Taking only the lines of the data below from the line with "Coffee Lake Wine" to the line with "Maßnahmen mit Außenwirkung", ends included, write them out exactly and without pictures.

*** Data listing ***

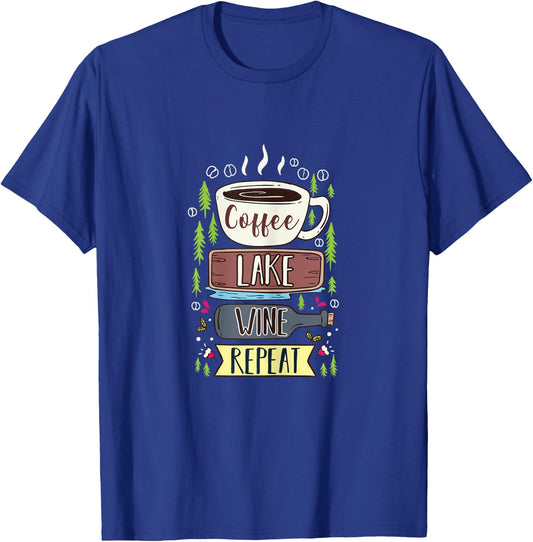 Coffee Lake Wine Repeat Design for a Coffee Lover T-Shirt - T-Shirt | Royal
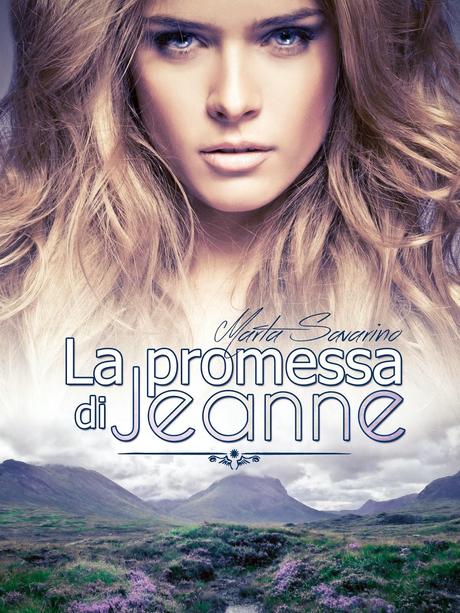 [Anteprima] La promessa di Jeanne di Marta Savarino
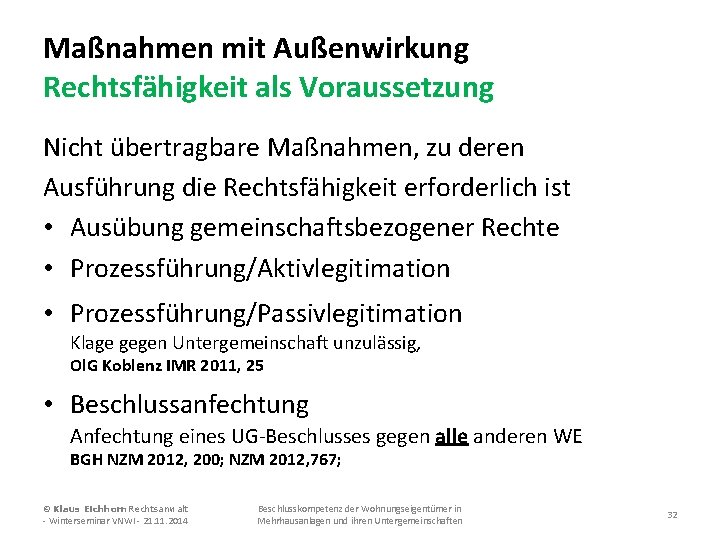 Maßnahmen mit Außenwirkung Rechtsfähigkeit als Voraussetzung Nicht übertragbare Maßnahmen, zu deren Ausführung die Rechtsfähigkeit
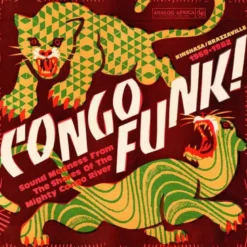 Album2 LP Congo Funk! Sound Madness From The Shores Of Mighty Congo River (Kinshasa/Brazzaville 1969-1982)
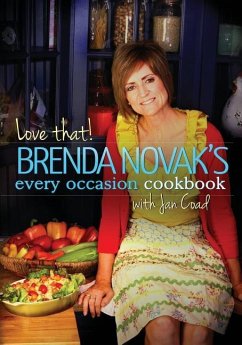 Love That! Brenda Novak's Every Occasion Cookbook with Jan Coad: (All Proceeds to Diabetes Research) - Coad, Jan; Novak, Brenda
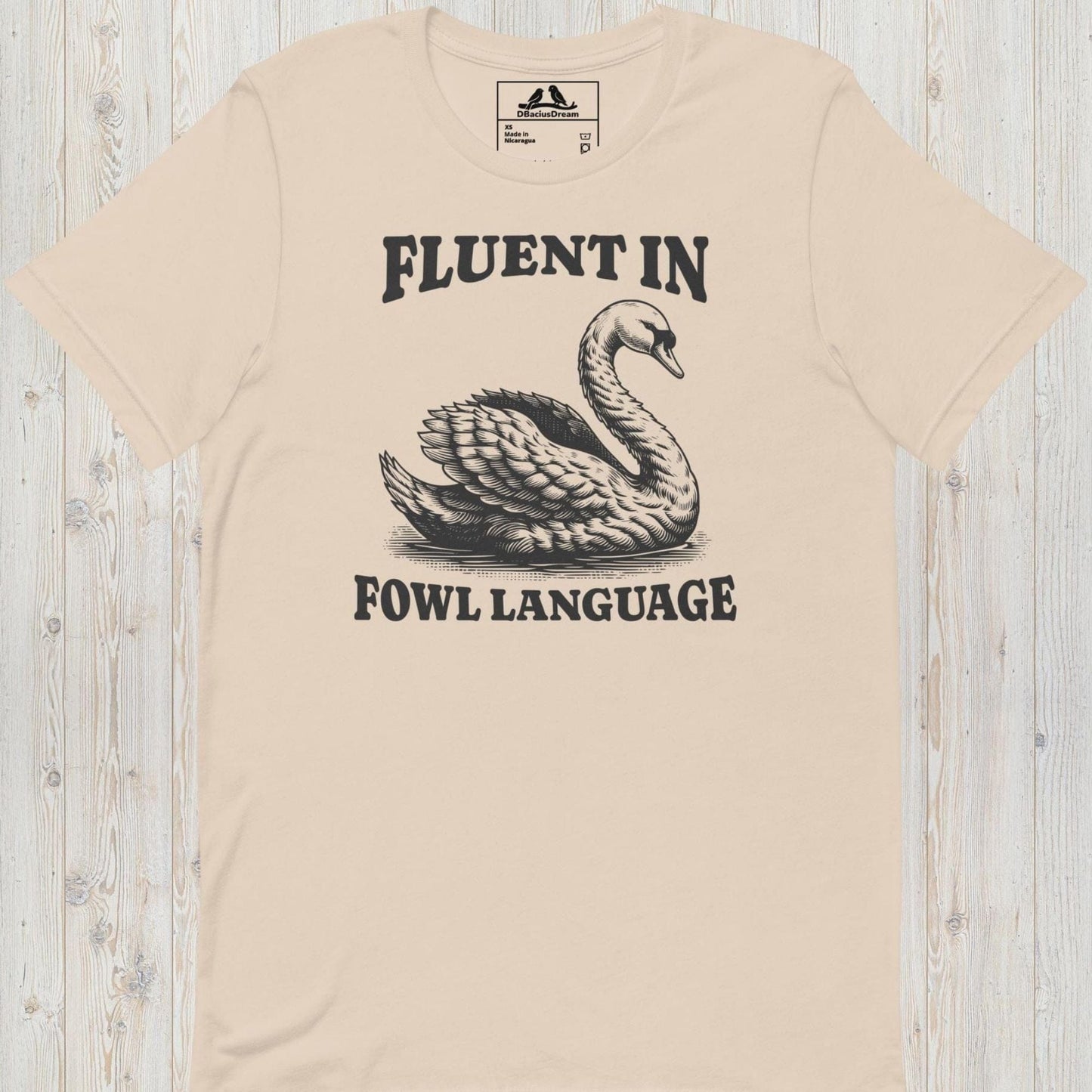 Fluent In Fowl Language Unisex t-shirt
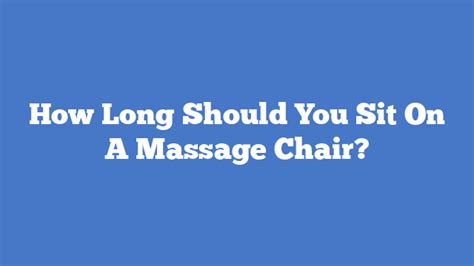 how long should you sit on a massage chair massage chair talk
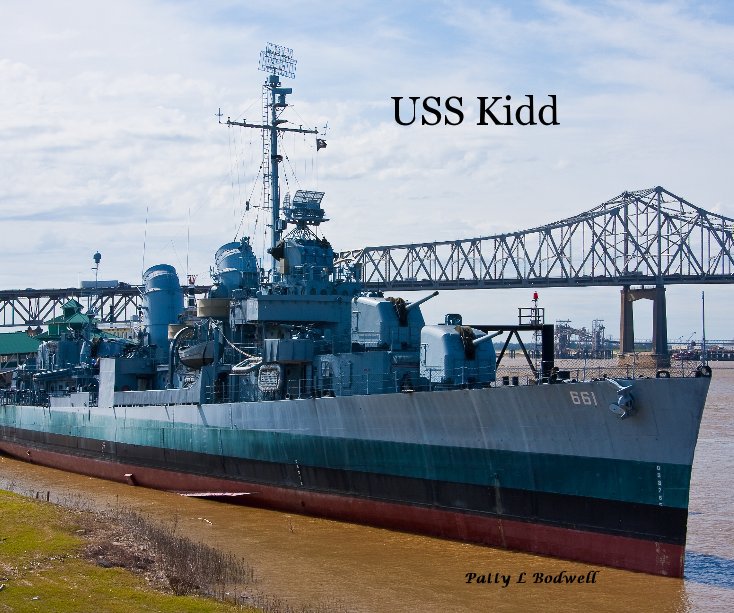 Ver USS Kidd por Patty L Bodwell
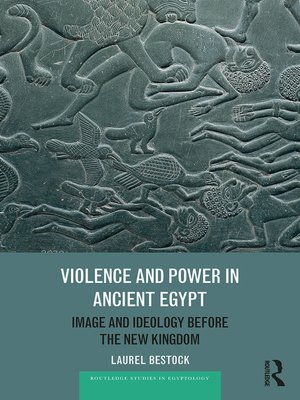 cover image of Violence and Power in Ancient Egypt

***
*** Data listing ***

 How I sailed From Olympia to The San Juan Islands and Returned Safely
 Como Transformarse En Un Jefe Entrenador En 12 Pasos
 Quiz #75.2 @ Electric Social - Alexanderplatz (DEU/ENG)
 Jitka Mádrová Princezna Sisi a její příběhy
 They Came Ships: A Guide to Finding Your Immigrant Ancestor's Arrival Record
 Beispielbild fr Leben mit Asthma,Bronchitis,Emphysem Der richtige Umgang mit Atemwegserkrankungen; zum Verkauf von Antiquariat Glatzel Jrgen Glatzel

***
*** Data listing ***

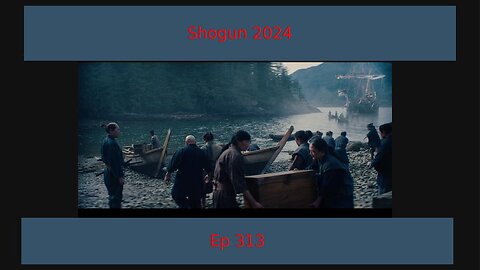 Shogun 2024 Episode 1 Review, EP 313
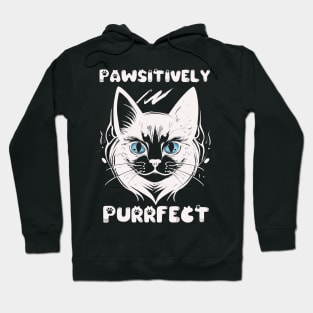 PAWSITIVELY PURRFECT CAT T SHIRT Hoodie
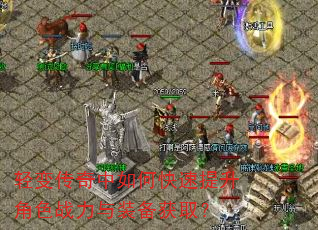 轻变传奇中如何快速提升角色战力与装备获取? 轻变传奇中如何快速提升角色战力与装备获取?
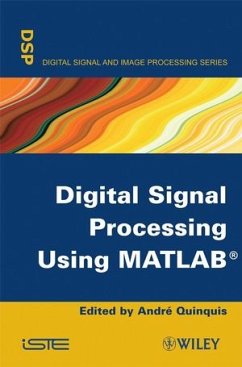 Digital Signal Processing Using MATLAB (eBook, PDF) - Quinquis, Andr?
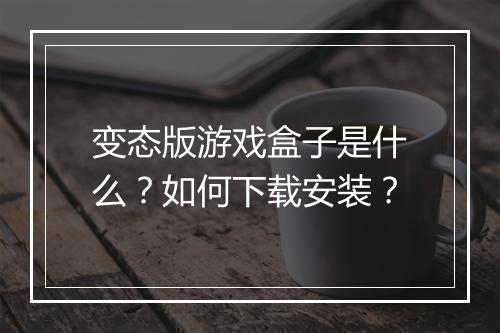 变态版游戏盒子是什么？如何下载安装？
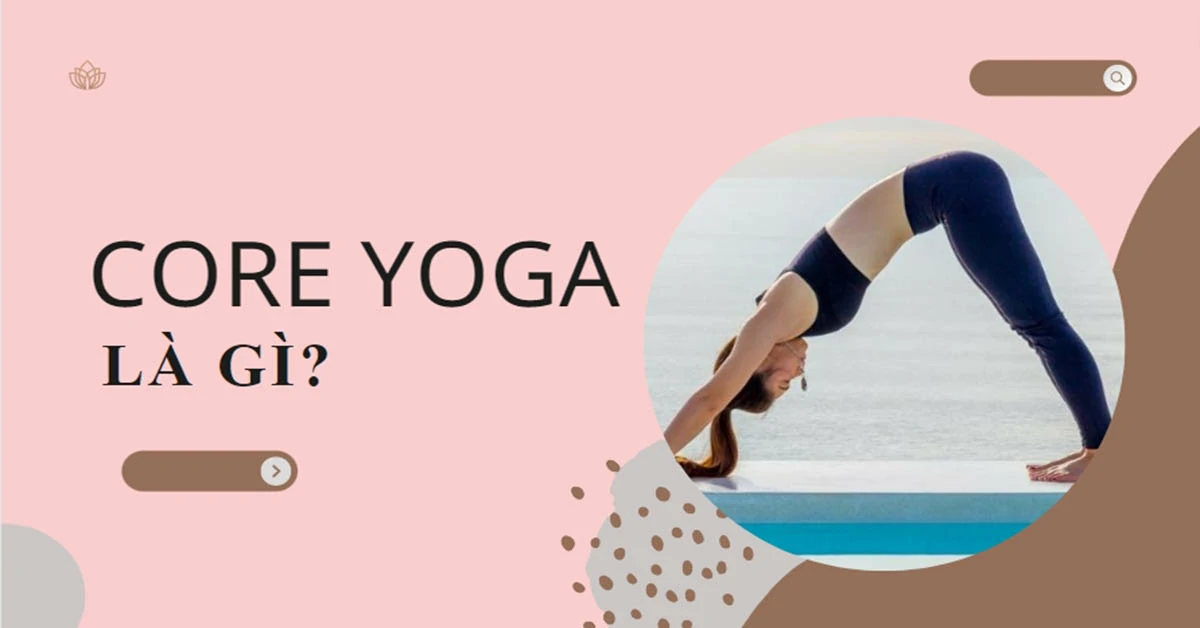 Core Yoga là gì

***

▶ [Completed exercise]
 Coffee Lake Wine Repeat Design for a Coffee Lover T-Shirt - T-Shirt | Royal
 [Anteprima] La promessa di Jeanne di Marta Savarino
 Maßnahmen mit Außenwirkung Rechtsfähigkeit als Voraussetzung Nicht übertragbare Maßnahmen, zu deren Ausführung die Rechtsfähigkeit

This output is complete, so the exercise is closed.